• DATA EXCERPT:
--------------------------------
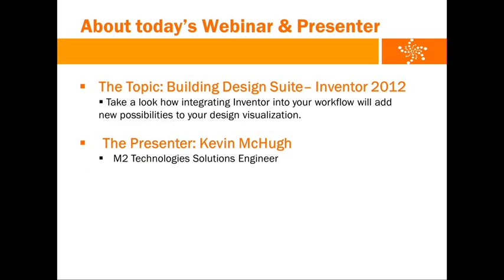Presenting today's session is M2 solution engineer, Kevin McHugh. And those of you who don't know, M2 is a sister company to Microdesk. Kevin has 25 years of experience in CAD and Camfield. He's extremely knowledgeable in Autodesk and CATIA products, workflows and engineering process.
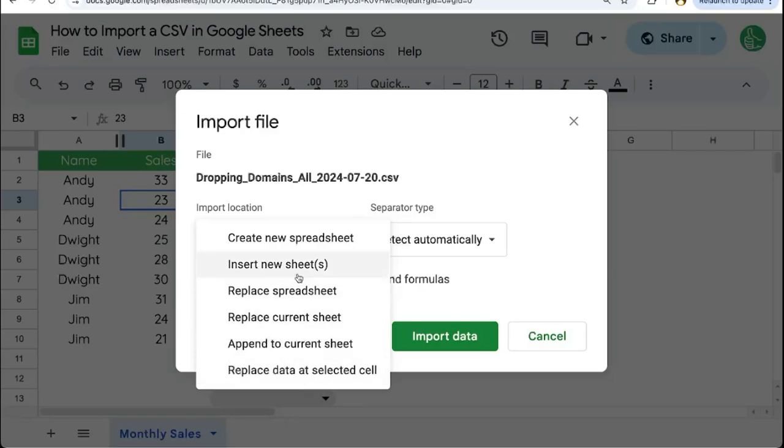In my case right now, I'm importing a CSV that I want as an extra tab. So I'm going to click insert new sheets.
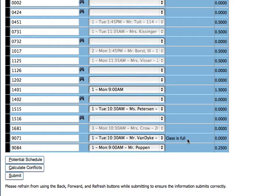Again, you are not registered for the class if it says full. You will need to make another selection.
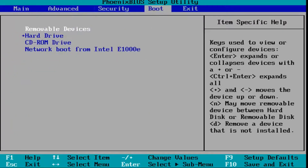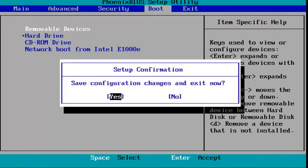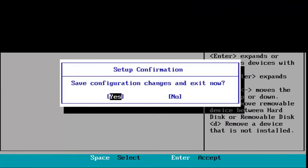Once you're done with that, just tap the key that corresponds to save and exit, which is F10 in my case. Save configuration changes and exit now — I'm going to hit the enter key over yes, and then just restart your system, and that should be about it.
--------------------------------
• EXERCISE DESCRIPTION:
Nothing but the lines from the one containing "Again, you are" through the end of the listing is to be output, and those lines are to be output exactly, pictures excluded.

• SOLUTION FOR THIS EXERCISE:
Again, you are not registered for the class if it says full. You will need to make another selection.
Once you're done with that, just tap the key that corresponds to save and exit, which is F10 in my case. Save configuration changes and exit now — I'm going to hit the enter key over yes, and then just restart your system, and that should be about it.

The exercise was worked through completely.